Bien sabía Dios que Adán había de pedirle su desgracia; pero le dijo: «¿Qué te falta? ¿Qué quieres?».

«Quiero, Señor, una compañera, para así tener completa mi felicidad».

«Voy a complacerte en tus deseos» dijo Dios, y al momento se le presentó la compañera. Los juntó Dios y les dijo: «Mira, Adán, aquí tienes tu compañera; y tú, Eva, aquí tienes tu compañero. Ya veis que estáis rodeados de todas las delicias. De todas ellas podéis disfrutar; pero, ¡ay de vosotros si disfrutáis de lo que os prohíbo, porque entonces quedaréis despojados de vuestras virtudes y estaréis expuestos a todas las inquietudes de la Tierra!». (Génesis, III, 3).

Muchas fueron las promesas que Adán y Eva hicieron a Dios de no quebrantar su palabra; pero no la cumplieron, no pudieron resistir a los espíritus que se propusieron borrar de su memoria las promesas que habían hecho a Dios y sugerirles lo contrario Impo­sible fue para Eva resistir a la tentación de los goces materiales, en cuyos deseos está representada por la serpiente, y caída ella en ese anillo de bestialidad, incita a su compañero para que rompa el lazo de virginidad que les cohíbe

No es el hecho lo que constituye el pecado, como erróneamen­te creen los hombres. Mal puede serlo, cuando Dios les había dicho: «Creced y multiplicaos». Es la malicia encerrada en el he­cho, y es la ingratitud.

Dios sabía lo que les sucedería; pero quiso probar su fe y su valor; y aun sabiéndolo, no creía que la ingratitud de los hombres que fueran sucediéndose llegara a tanto, que provocara el momen­to de que se arrepintiera de haberles creado. (Génesis, VI,). ¡Oh, Padre mío!, Vos, sabiduría, Vos, omnisciencia infinita, en­contraros arrepentido de vuestra obra por el mal comportamiento de los hombres.

¡Cuánta miseria, hermanos míos, la de aquellos seres!
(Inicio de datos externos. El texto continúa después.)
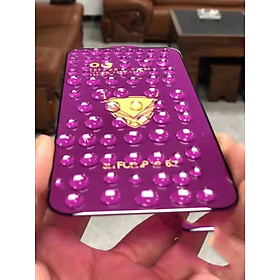 Mua Kính cường lực OG tím siêu bền  chất lượng kính tốt nhat cho OPPO RENO 6/ RENO 6Z / RENO 7/ RENO 7Z / OP A54 /OP A74 / OP A94 /OP A76 / F19 /F19 PRO /F19 PRO +  / A92S / OP A53S NẾU BỂ SHOP HOÀN TIỀN- hàng chính hãng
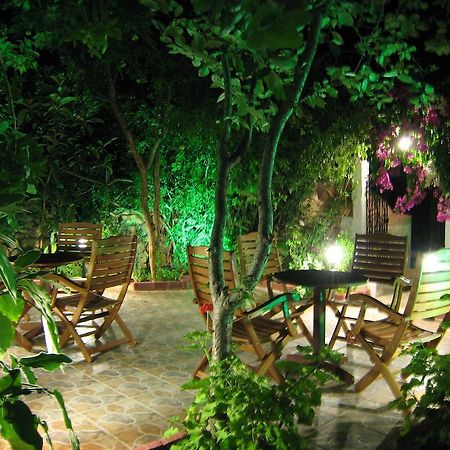 Eleftheria Lindian Studios I Lindos  Extérieur photo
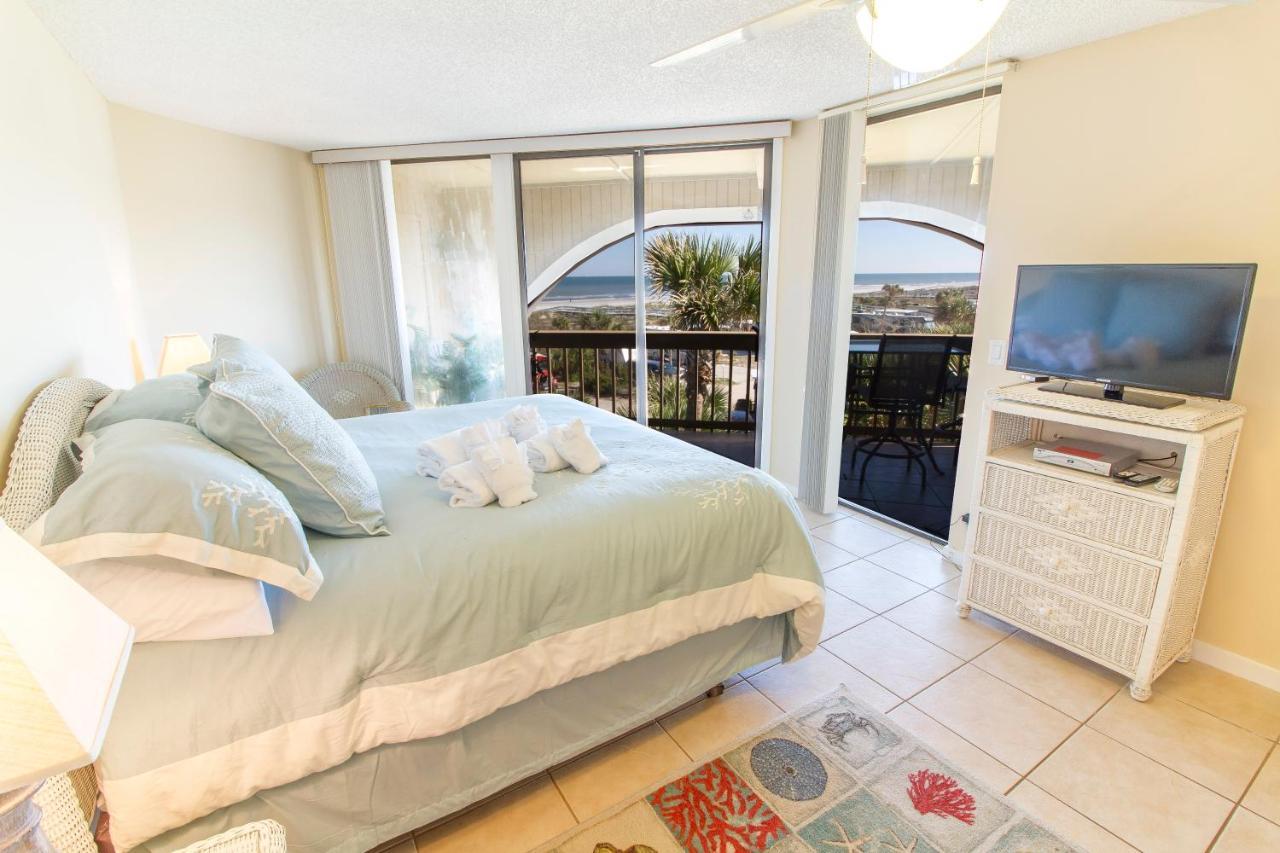 Hibiscus 303 B Apartment
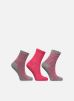 chaussettes animal pack de 3 enfant coton par sarenza wear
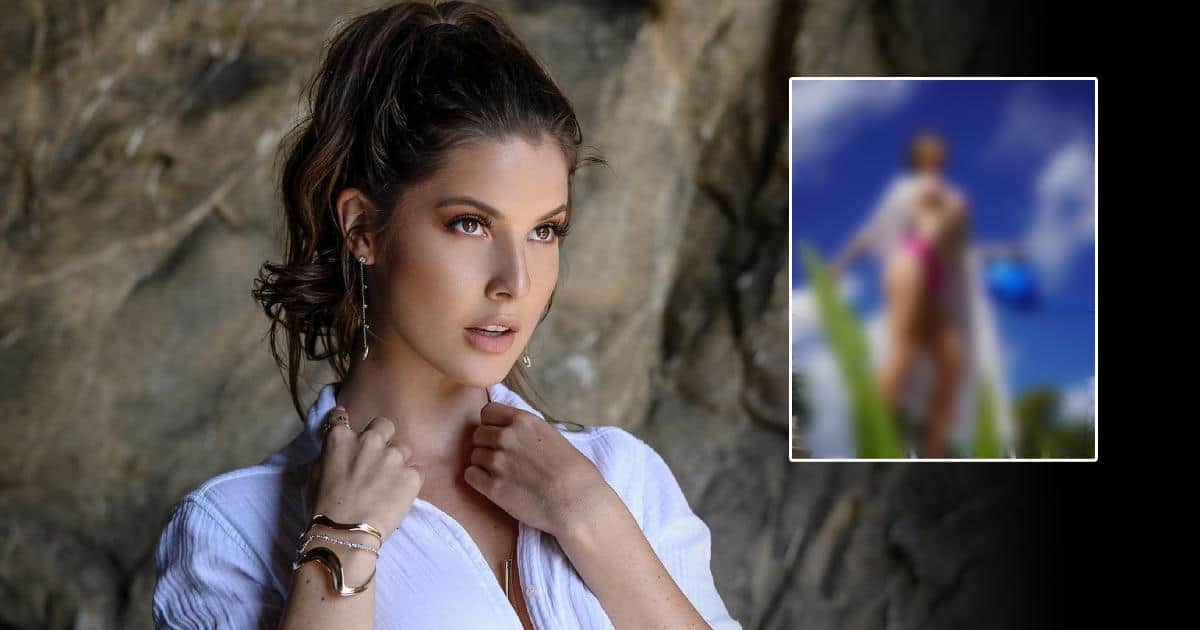 charlotte whitley recommends amanda cerny naled pic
Por eso Dios anunció, en presencia de aquellos hombres tan depravados, (fue vendrían otros siervos suyos que no serían vencidos por el espíritu del mal. Y así fue. Tuve fuerza suficiente para echar de mi presencia a cuantos pudieran ser un obstáculo para la misión que me proponía desarrollar. Y mi escudo fue, como sabéis, este apostrofe: «Escrito está: No tentarás al Señor tu Dios», (Mateo, IV, 7).

¡Que mal interpretan mis Evangelios y que ofuscados están los que quieren dar tanta o más fuerza al espíritu del mal que al enviado de Dios! Vosotros, hermanos, que sabéis lo que digo, no daréis crédito a semejantes afirmaciones, y, como yo, venceréis las tentaciones de los espíritus hipócritas, si, llenos de fe, e inter­pretando el Evangelio en espíritu, oponéis el propio escudo que yo opuse. De ese modo es como podréis repetir conmigo: «Vete, no intentes ser mi tentador, que escrito está que has de ser puesto por tarima de mis pies, y que has de sufrir en el infierno hasta que te reconcilies con la virtud y resarzas tu mal proceder».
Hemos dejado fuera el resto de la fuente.